One Total Recall Prop Was So Real, It Even Fooled Director Paul Verhoeven
The bread and butter of Paul Verhoeven's classic blockbuster, "Total Recall," has to be its practical effects. In fact, one of the prosthetics was so uncanny and realistic (at least in the footage) that Verhoeven thought it was one of his actors who had gone rogue and shot the scene without his involvement or permission. However, the truth was that prosthetic and makeup artist Rob Bottin had made a complete robot resembling Marshall Bell (who played mutant human George/Kuato) just so he could prove to the director that the vision he had dreamt up for the scene could be done the way he envisioned it without looking fake.
In a retrospective interview with Syfy, actor Mel Johnson Jr., who played the sneaky mutant spy Benny, recalled how Bottin fooled Verhoeven in a brilliant way.
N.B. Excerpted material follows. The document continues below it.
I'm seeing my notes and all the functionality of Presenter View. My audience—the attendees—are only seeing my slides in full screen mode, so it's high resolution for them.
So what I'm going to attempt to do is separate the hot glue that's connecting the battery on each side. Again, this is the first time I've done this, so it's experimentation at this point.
It had to do with one of the most memorable scenes, in which Kuato, a psychic mutant, is revealed to be a conjoined twin to George and the leader of Mars' Resistance. As Johnson said, "Even in today's terms you would have thought it was like a CGI thing, but Kuato was real. Kuato was like a physical thing. So all those movements were physical. Kuato, in order to work had to be a robot [not Marshall Bell] to get the mechanics for Kuato to work. And Paul really didn't want that."
Initially, Verhoeven said no, thinking it wouldn't look right. So Bottin shot some footage in secret to show the director. As Johnson explained, "Paul went, 'How did Marshall do this? Who told Marshall to do this scene without me?' Rob said, 'Uh-uh, that's not Marshall, that's my robot. I did it just so you could see, just from your reaction, that you didn't know that's not Marshall.'"
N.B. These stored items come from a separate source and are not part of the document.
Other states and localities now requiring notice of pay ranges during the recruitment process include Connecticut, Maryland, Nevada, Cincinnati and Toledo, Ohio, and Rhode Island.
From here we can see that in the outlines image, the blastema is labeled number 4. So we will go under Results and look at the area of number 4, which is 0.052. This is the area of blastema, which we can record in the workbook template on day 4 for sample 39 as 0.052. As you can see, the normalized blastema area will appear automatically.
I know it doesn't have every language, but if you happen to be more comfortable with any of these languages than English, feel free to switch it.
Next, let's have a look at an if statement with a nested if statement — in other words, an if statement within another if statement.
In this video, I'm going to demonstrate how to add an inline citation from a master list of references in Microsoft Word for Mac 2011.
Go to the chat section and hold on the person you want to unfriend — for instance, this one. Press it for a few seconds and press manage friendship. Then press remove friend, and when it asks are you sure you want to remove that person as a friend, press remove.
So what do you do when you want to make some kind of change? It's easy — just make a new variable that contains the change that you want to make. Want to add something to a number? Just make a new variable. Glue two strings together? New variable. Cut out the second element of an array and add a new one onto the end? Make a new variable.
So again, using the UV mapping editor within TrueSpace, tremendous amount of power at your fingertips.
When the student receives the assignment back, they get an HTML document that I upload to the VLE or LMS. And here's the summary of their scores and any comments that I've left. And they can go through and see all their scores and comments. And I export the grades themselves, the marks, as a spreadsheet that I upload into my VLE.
Rob Bottin was a genius back in those days
As a special make-up designer and creator, Bottin worked on some of the most iconic '80s and '90s movies whose practical effects still hold up magnificently today. Besides "Total Recall," he left his imprint on such classics as the original "The Thing," "Mission: Impossible," "Seven," and "Fear and Loathing in Las Vegas," among others.
Mel Johnson Jr. had the privilege of working with him on several occasions and brought up the scene where Benny reveals his identity with his mutated "long-arm" appendage as a moment in which Bottin's work proved inventive and inspiring. "For him to do my arm, I had to be in a complete half-body cast from my waist up to my neck, and I had never broken a limb or anything, so I was never in a cast before. I had to learn how to do body acting with my arm because there were like seven guys behind me moving that electronically when they took it off. And I just loved it. I thought it was great."
Bottin's contribution was immense in virtually everything he was involved in over the past four decades. This is why it's such a shame that he retired around 2002 after VFX had taken over the film and TV industry. His likely last (though uncredited) work came in Season 4 of "Game of Thrones," where he helped pull off King Joffrey's (Jack Gleeson) gory death scene.